MATERIAL PROVIDED ::
· · · ·

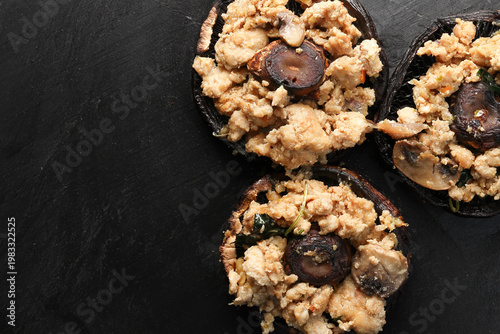 Stuffed roasted fried large portobello mushroom minced chicken on black slate background closeup details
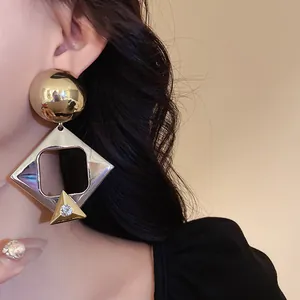 Close-up of exaggerated geometric diamond-encrusted silver needle earrings on ear.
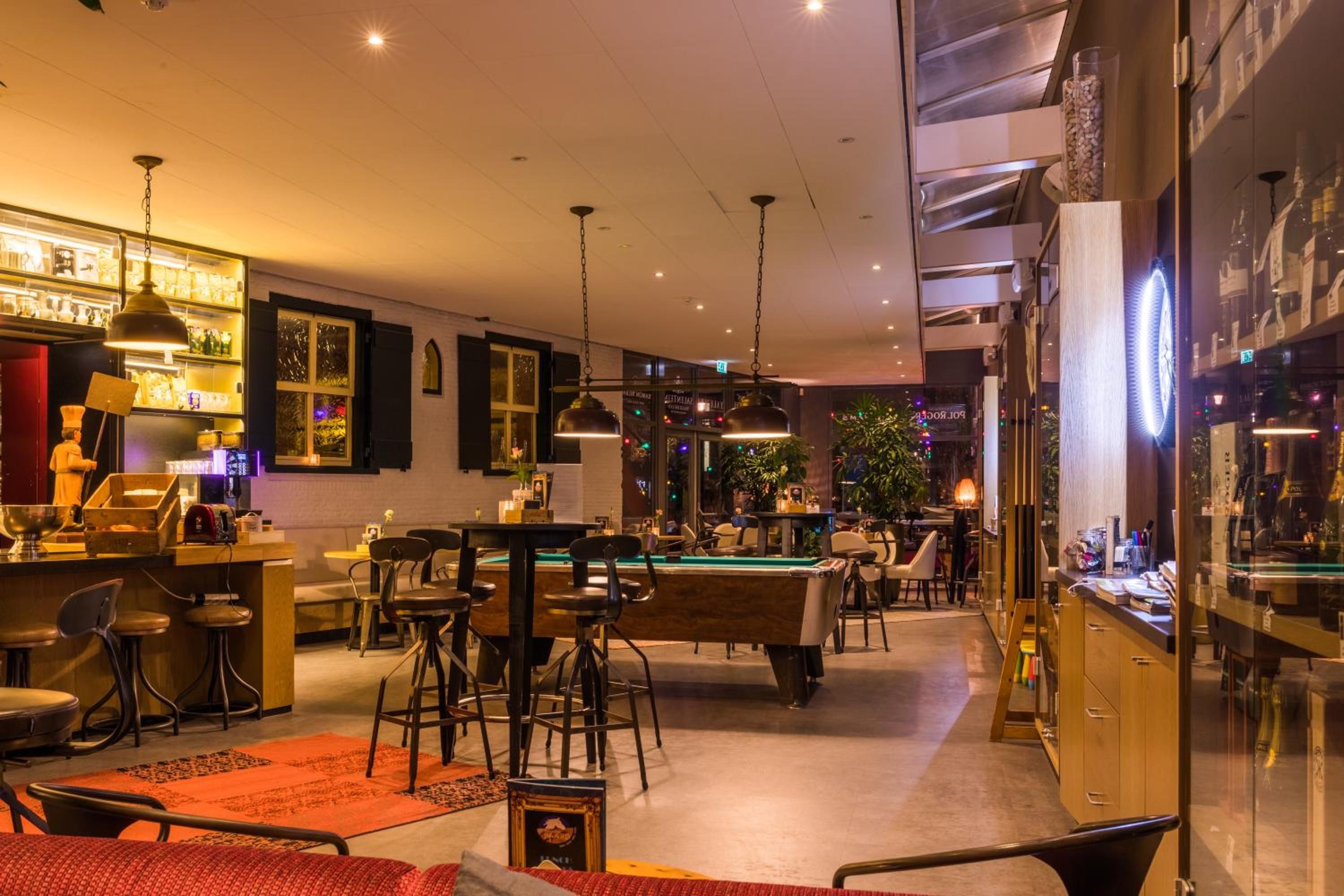 Un espacio interior bien iluminado con mesa de billar, zona de bar y asientos.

· · · ·

EXERCISE PROMPT :: Each line above is to be copied exactly, and the pictures are to be dropped.

EXPECTED OUTPUT ::
 Stuffed roasted fried large portobello mushroom minced chicken on black slate background closeup details
 Close-up of exaggerated geometric diamond-encrusted silver needle earrings on ear.
 Un espacio interior bien iluminado con mesa de billar, zona de bar y asientos.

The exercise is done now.